J0 vs J1: does the orchestration-juice flag help a cheap proposer?

edited 2026-06-26 12:03 · built 2026-06-26 19:58 EDT

Status: 2026-06-26 — complete. N=54/arm (J0 n=53 after the completeness filter); clean result below. Substrate: Weird Grid Reactor (WGR) speedup · Proposer: DeepSeek-v4-flash, single-propose.

1. Question

Does adding the dbb_dispatch_v1 methodology flag (J1) to the same single-propose DeepSeek loop (J0) change WGR optimization — or is prompt-juice cargo-cult? This is the juice axis of the strategy_eval program (see the 2026-06-01 notebook entry), pointed at a cheap API proposer for the first time. We bet on a null, and the run-floor gives us the denominator to say so credibly rather than shrug.

2. Design

One variable: the flag. Everything else byte-identical (model, scaffold, task, B=30, gate). J0 = propose_speedup.md; J1 = same + dbb_dispatch_v1.md appended verbatim (one orienting sentence maps its tree vocabulary onto the single-propose loop). Full controls, estimands, σ, N, decision rule, and scope caveats in PREREG.md.

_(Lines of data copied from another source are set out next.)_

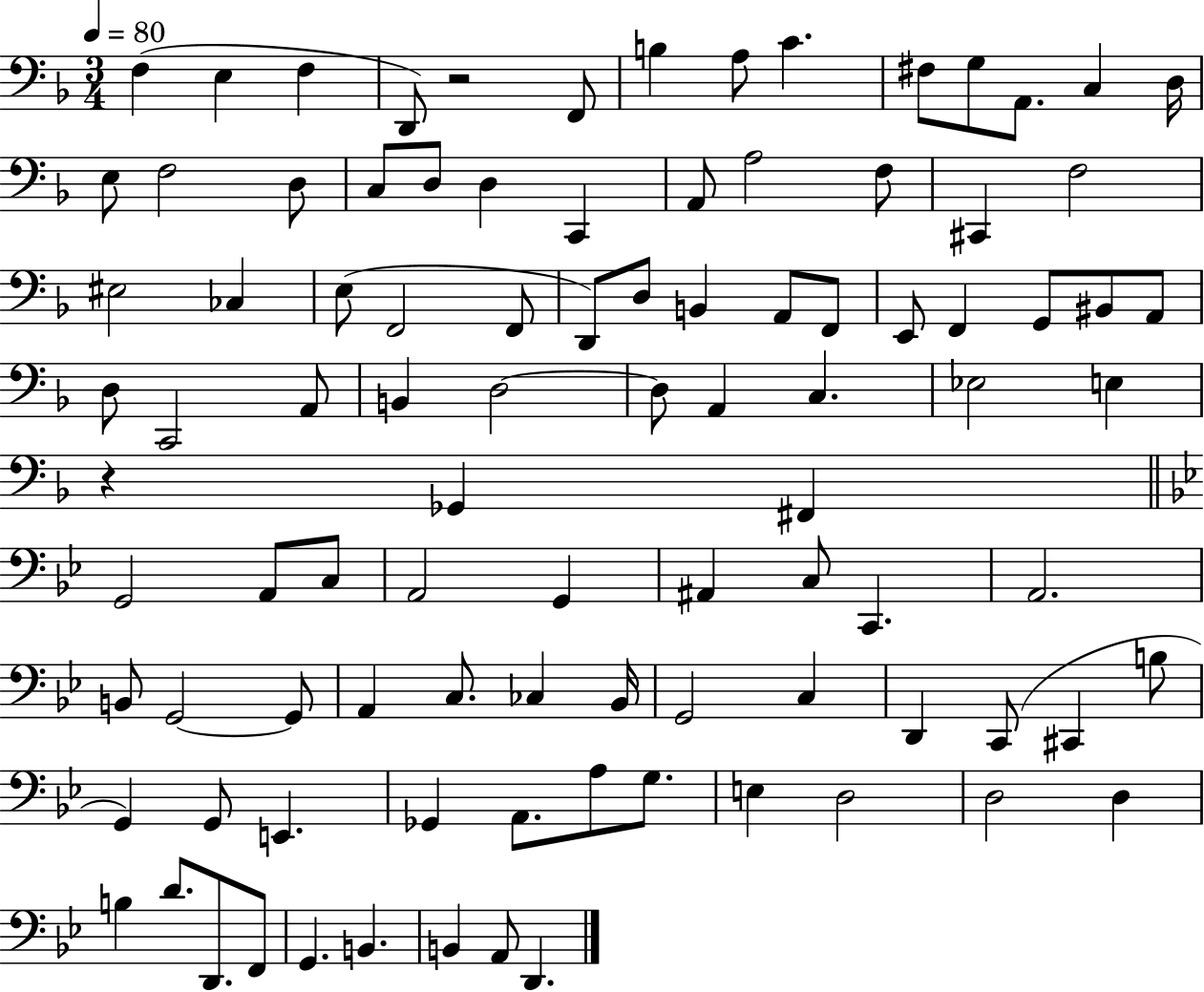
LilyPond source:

{
  \clef bass
  \numericTimeSignature
  \time 3/4
  \key f \major
  \tempo 4 = 80
  f4( e4 f4 | d,8) r2 f,8 | b4 a8 c'4. | fis8 g8 a,8. c4 d16 | \break e8 f2 d8 | c8 d8 d4 c,4 | a,8 a2 f8 | cis,4 f2 | \break eis2 ces4 | e8( f,2 f,8 | d,8) d8 b,4 a,8 f,8 | e,8 f,4 g,8 bis,8 a,8 | \break d8 c,2 a,8 | b,4 d2~~ | d8 a,4 c4. | ees2 e4 | \break r4 ges,4 fis,4 | \bar "||" \break \key bes \major g,2 a,8 c8 | a,2 g,4 | ais,4 c8 c,4. | a,2. | \break b,8 g,2~~ g,8 | a,4 c8. ces4 bes,16 | g,2 c4 | d,4 c,8( cis,4 b8 | \break g,4) g,8 e,4. | ges,4 a,8. a8 g8. | e4 d2 | d2 d4 | \break b4 d'8. d,8. f,8 | g,4. b,4. | b,4 a,8 d,4. | \bar "|."
} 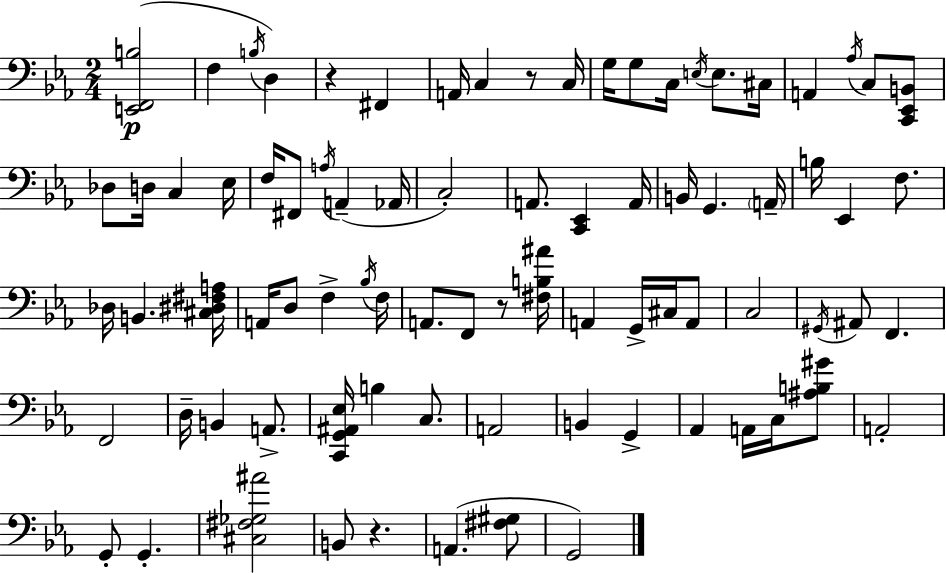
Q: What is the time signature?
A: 2/4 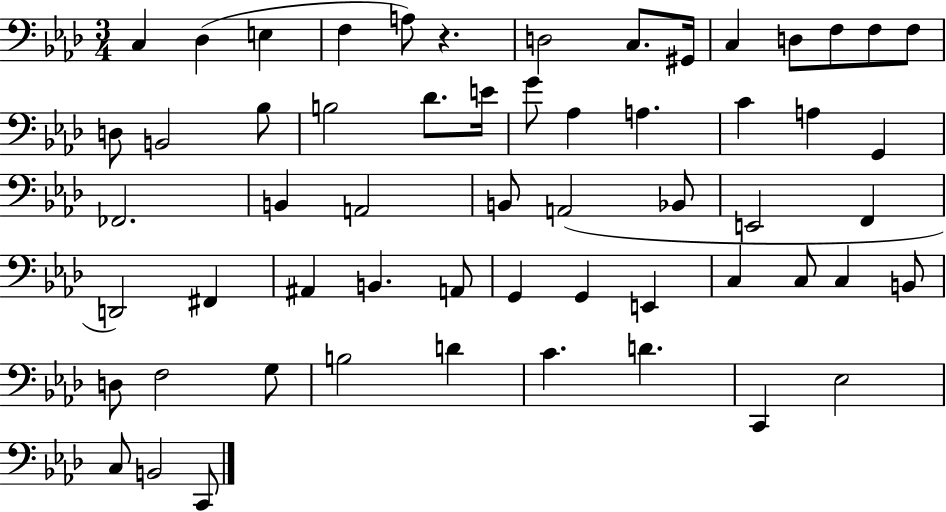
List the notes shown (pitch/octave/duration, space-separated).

C3/q Db3/q E3/q F3/q A3/e R/q. D3/h C3/e. G#2/s C3/q D3/e F3/e F3/e F3/e D3/e B2/h Bb3/e B3/h Db4/e. E4/s G4/e Ab3/q A3/q. C4/q A3/q G2/q FES2/h. B2/q A2/h B2/e A2/h Bb2/e E2/h F2/q D2/h F#2/q A#2/q B2/q. A2/e G2/q G2/q E2/q C3/q C3/e C3/q B2/e D3/e F3/h G3/e B3/h D4/q C4/q. D4/q. C2/q Eb3/h C3/e B2/h C2/e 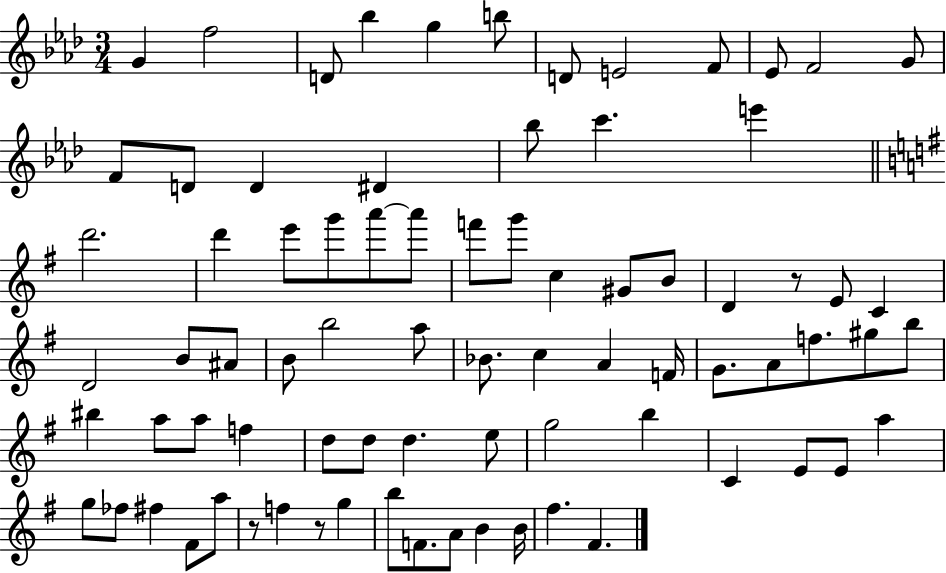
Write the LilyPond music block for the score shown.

{
  \clef treble
  \numericTimeSignature
  \time 3/4
  \key aes \major
  \repeat volta 2 { g'4 f''2 | d'8 bes''4 g''4 b''8 | d'8 e'2 f'8 | ees'8 f'2 g'8 | \break f'8 d'8 d'4 dis'4 | bes''8 c'''4. e'''4 | \bar "||" \break \key g \major d'''2. | d'''4 e'''8 g'''8 a'''8~~ a'''8 | f'''8 g'''8 c''4 gis'8 b'8 | d'4 r8 e'8 c'4 | \break d'2 b'8 ais'8 | b'8 b''2 a''8 | bes'8. c''4 a'4 f'16 | g'8. a'8 f''8. gis''8 b''8 | \break bis''4 a''8 a''8 f''4 | d''8 d''8 d''4. e''8 | g''2 b''4 | c'4 e'8 e'8 a''4 | \break g''8 fes''8 fis''4 fis'8 a''8 | r8 f''4 r8 g''4 | b''8 f'8. a'8 b'4 b'16 | fis''4. fis'4. | \break } \bar "|."
} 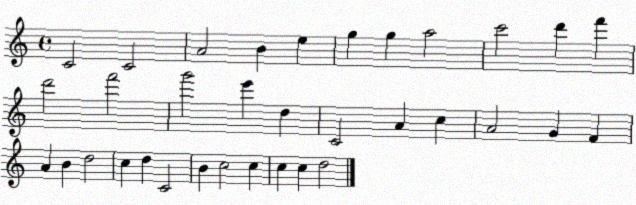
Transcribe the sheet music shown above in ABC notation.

X:1
T:Untitled
M:4/4
L:1/4
K:C
C2 C2 A2 B e g g a2 c'2 d' f' d'2 f'2 g'2 e' d C2 A c A2 G F A B d2 c d C2 B c2 c c c d2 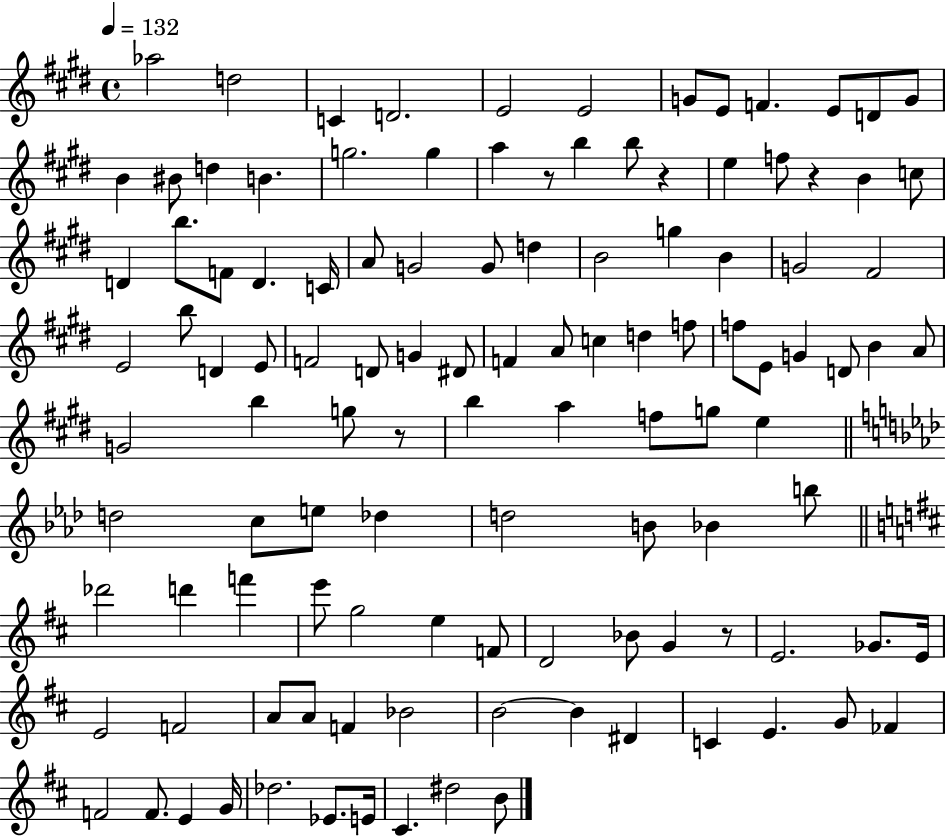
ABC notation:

X:1
T:Untitled
M:4/4
L:1/4
K:E
_a2 d2 C D2 E2 E2 G/2 E/2 F E/2 D/2 G/2 B ^B/2 d B g2 g a z/2 b b/2 z e f/2 z B c/2 D b/2 F/2 D C/4 A/2 G2 G/2 d B2 g B G2 ^F2 E2 b/2 D E/2 F2 D/2 G ^D/2 F A/2 c d f/2 f/2 E/2 G D/2 B A/2 G2 b g/2 z/2 b a f/2 g/2 e d2 c/2 e/2 _d d2 B/2 _B b/2 _d'2 d' f' e'/2 g2 e F/2 D2 _B/2 G z/2 E2 _G/2 E/4 E2 F2 A/2 A/2 F _B2 B2 B ^D C E G/2 _F F2 F/2 E G/4 _d2 _E/2 E/4 ^C ^d2 B/2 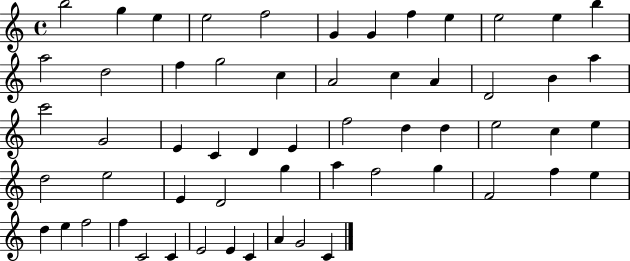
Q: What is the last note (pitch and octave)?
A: C4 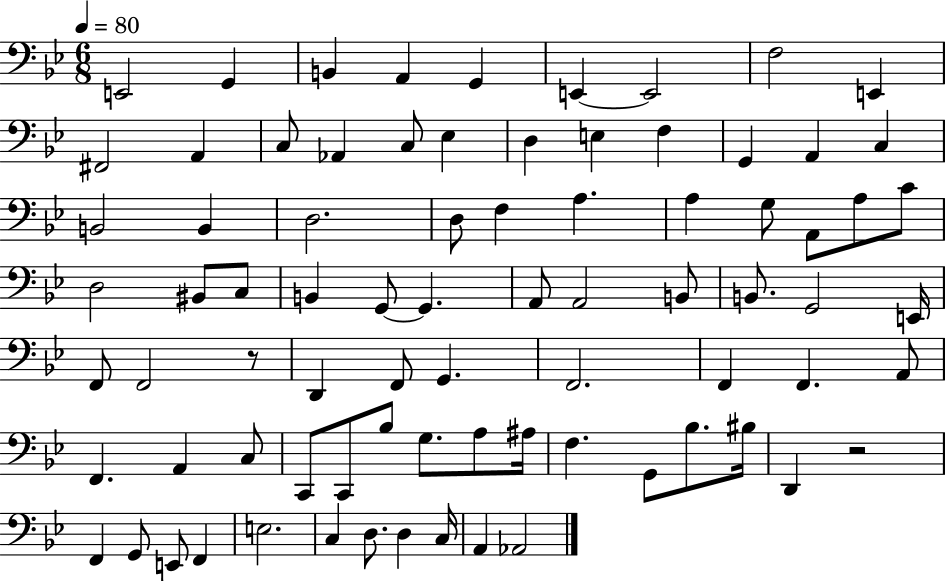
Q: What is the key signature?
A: BES major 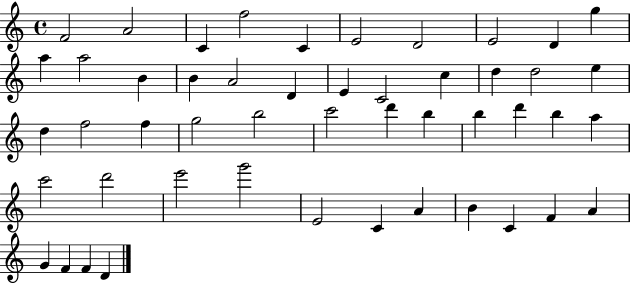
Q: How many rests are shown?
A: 0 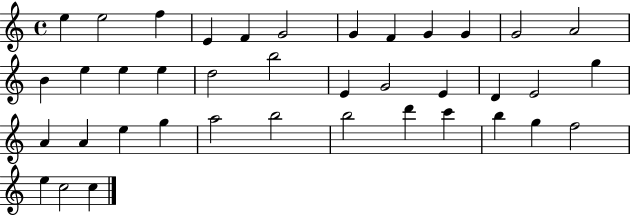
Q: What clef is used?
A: treble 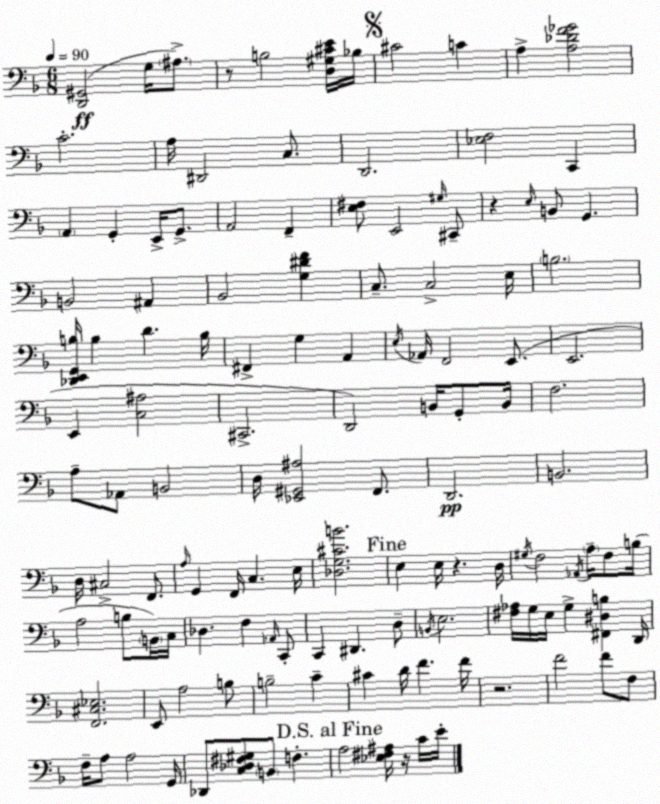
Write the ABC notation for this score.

X:1
T:Untitled
M:6/8
L:1/4
K:Dm
[D,,^G,,]2 G,/4 ^A,/2 z/2 B,2 [D,^G,^CE]/4 _B,/4 ^C2 C A, [A,_DF_G]2 C2 A,/4 ^D,,2 C,/2 D,,2 [_E,F,]2 C,, A,, G,, E,,/4 G,,/2 A,,2 F,, [E,^F,]/2 E,,2 ^G,/4 ^C,,/2 z E,/4 B,,/2 G,, B,,2 ^A,, _B,,2 [G,^DF] C,/2 C,2 E,/4 B,2 [_D,,E,,G,,B,]/4 B, D B,/4 ^F,, G, A,, E,/4 _A,,/4 F,,2 E,,/2 E,,2 E,, [C,^A,]2 ^C,,2 D,,2 B,,/4 G,,/2 B,,/4 F,2 A,/2 _A,,/2 B,,2 D,/4 [_E,,^G,,^A,]2 F,,/2 D,,2 B,,2 D,/4 ^C,2 F,,/2 A,/4 G,, F,,/4 C, E,/4 [_D,G,^CB]2 E, E,/4 z D,/4 ^G,/4 F,2 _A,,/4 A,/4 F,/2 B,/4 A,2 B,/2 B,,/4 C,/4 _D, F, _A,,/4 C,,/2 C,, ^D,, D,/2 B,,/4 E,2 [^F,_A,]/4 G,/4 E,/4 G, [^F,,^D,B,] D,,/4 [F,,^C,_E,]2 E,,/2 A,2 B,/2 B,2 C ^C D/4 F F/4 z2 F2 F/2 F,/2 F,/4 A,/2 A,2 G,,/4 _D,,/2 [C,_D,^F,^G,]/2 B,,/2 F, A,2 [_E,^F,^A,]/4 z/4 C/4 E/4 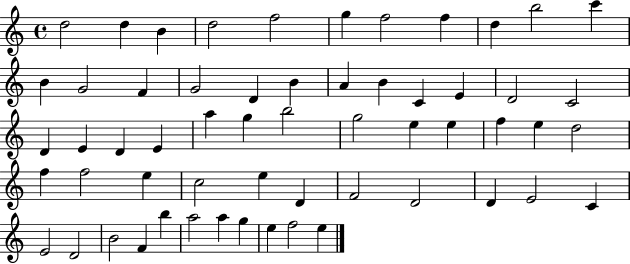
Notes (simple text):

D5/h D5/q B4/q D5/h F5/h G5/q F5/h F5/q D5/q B5/h C6/q B4/q G4/h F4/q G4/h D4/q B4/q A4/q B4/q C4/q E4/q D4/h C4/h D4/q E4/q D4/q E4/q A5/q G5/q B5/h G5/h E5/q E5/q F5/q E5/q D5/h F5/q F5/h E5/q C5/h E5/q D4/q F4/h D4/h D4/q E4/h C4/q E4/h D4/h B4/h F4/q B5/q A5/h A5/q G5/q E5/q F5/h E5/q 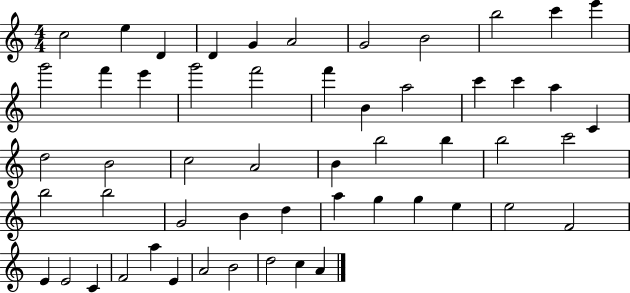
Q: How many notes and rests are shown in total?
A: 54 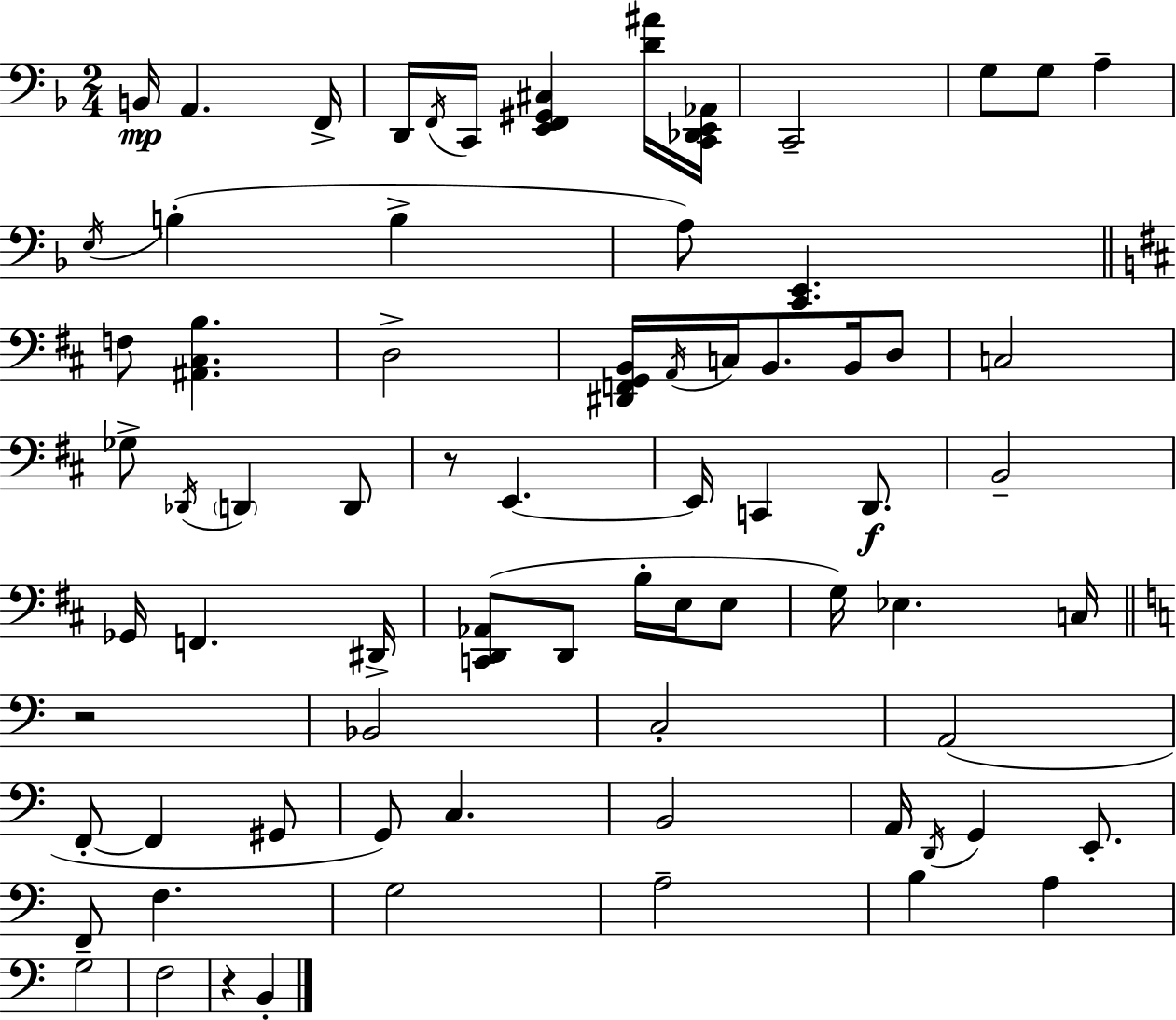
B2/s A2/q. F2/s D2/s F2/s C2/s [E2,F2,G#2,C#3]/q [D4,A#4]/s [C2,Db2,E2,Ab2]/s C2/h G3/e G3/e A3/q E3/s B3/q B3/q A3/e [C2,E2]/q. F3/e [A#2,C#3,B3]/q. D3/h [D#2,F2,G2,B2]/s A2/s C3/s B2/e. B2/s D3/e C3/h Gb3/e Db2/s D2/q D2/e R/e E2/q. E2/s C2/q D2/e. B2/h Gb2/s F2/q. D#2/s [C2,D2,Ab2]/e D2/e B3/s E3/s E3/e G3/s Eb3/q. C3/s R/h Bb2/h C3/h A2/h F2/e F2/q G#2/e G2/e C3/q. B2/h A2/s D2/s G2/q E2/e. F2/e F3/q. G3/h A3/h B3/q A3/q G3/h F3/h R/q B2/q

Primary estimand: AUC (mean of best-so-far over 30 candidates). Sized off the pooled n=10 σ≈0.070 (the run-floor n=5 σ=0.032 was ~2× optimistic — PREREG §4); the realized J0 σ (now n=43) is 0.058 via power.py --from-runs, so the sizing was conservative.
N = 54/arm (the δ=0.05 first pass), fixed. J0 reuses 10 crumbs (run-floor native B=30 + depth runs truncated at 30); fresh = 54 J1 + 44 J0.
Cost ≈ $5 (dollars are noise); wall-clock API-latency-bound (~16 min/run; MAXJOBS set by local RAM, not the API's 2500-concurrency cap). Analysis: Welch + 95% CI + bootstrap P(J1>J0), once, no peeking.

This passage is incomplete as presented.